5. Led driving: of course the current settings will change the values from point 4. If you drive on very low current then the efficiency will rise, but you will have to use more leds to achieve the same light output.
6. Even led mounting is important. Radiators efficiency rises for higher temps (delta between radiator temp and ambient temp). 
Screwed led would transfer heat to the radiator more effectively, allowing to cool down the precious led core better and transfering the heat to the radiator (making the radiator delta temp bigger). Glued or screwed without thermal paste will let cook the led in its sausage, leaving it hot inside and not allowing to transfer the heat to the radiator. 

I hope I could help.


----------



## YellowGTO (Dec 20, 2013)

M79 said:


> Hi mate,
> 
> as always: it depends.
> 
> ...



Actually you replayed with everything I wanted to know lol. Copper core, screw mount is not a problem. Thanks a lot!


----------



## M79 (Dec 21, 2013)

You're welcome.
Just one more hint: use thicker (few mm) aluminium as your track. Connect the radiator thermally to the track; you`ll be really fine then.


----------



## Epsilon (Dec 22, 2013)

Yes, totally possible.

The thing is: Use heatsink which are designed to be used without a fan. CPU Heatsinks are not designed for that purpose and will not function great in that role. You want the natural convection of the air to do the work and this is less the case with heatsinks designed for usage with a fan.

IE more like this: http://www.lcaudio.com/index.php?page=323
Than :http://www.vantecusa.com/en/product/view_detail/132 (It says "passive" but it really is designed to be put in an air-flow of a 1U server).

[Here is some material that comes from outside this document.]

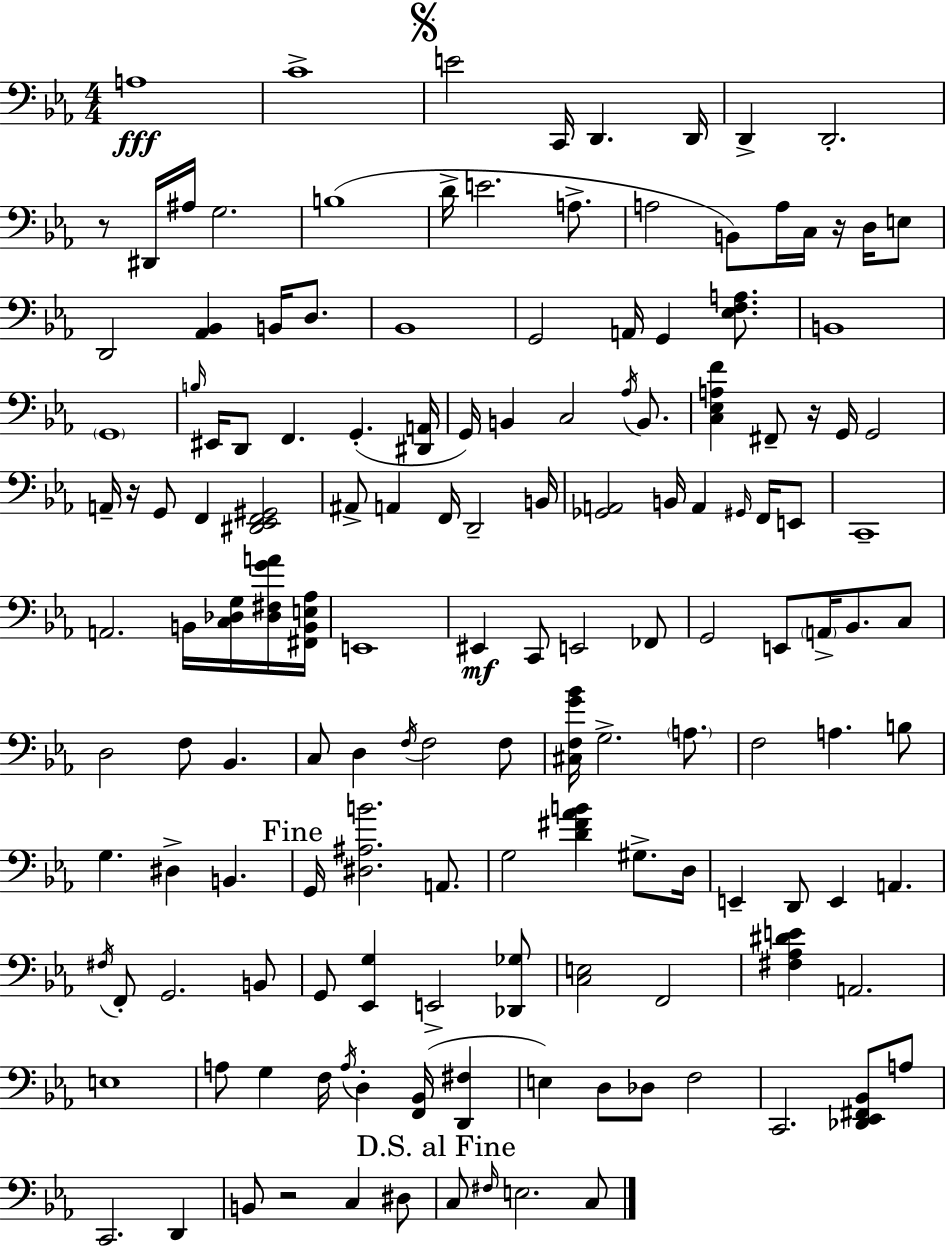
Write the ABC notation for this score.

The passive heatsinks are always rated in "Degrees/watt", normally in "K/W" which is Kelvin (the same as Celcius but with a different starting point). Which means that for every watt put in, the temperature is above ambient temperature by that much degrees in celcius/kelvin. The lower the number, the better.
I would aim at a operating temperature of around 60degress celcius. Which on hot days, means a 30degC above ambient.

With a heatload of 30W (conservative, it will be less) you will need a heatsink of 1.0 K/W. 

Example: http://www.conrad.nl/ce/nl/product/188013/ which is 0.68 K/W at 200*150*40mm
Example: http://www.conrad.nl/ce/nl/product/188009/ which is 1.07 K/W at 200*75*40mm

Both have a thick base to spread out the heat.
As you can see: considerably larger that a CPU heatsink in size. In this buisness, size and surface area matters, but only if convection can touch it. 

The mass is pretty irrelevant if you are running the light of extended periods of time. Aluminium and copper have similar thermal capacity (not conductivity!). Aluminium is 880J/kg*K, which means that for 0.5kg and 30W heatload, you will reach the 60deg almost in (880*0.5*(60-30) / 30W(= J/s)) = 440seconds. It will lose some heat due to the heatsink working, but the time is far below "a few hours".


----------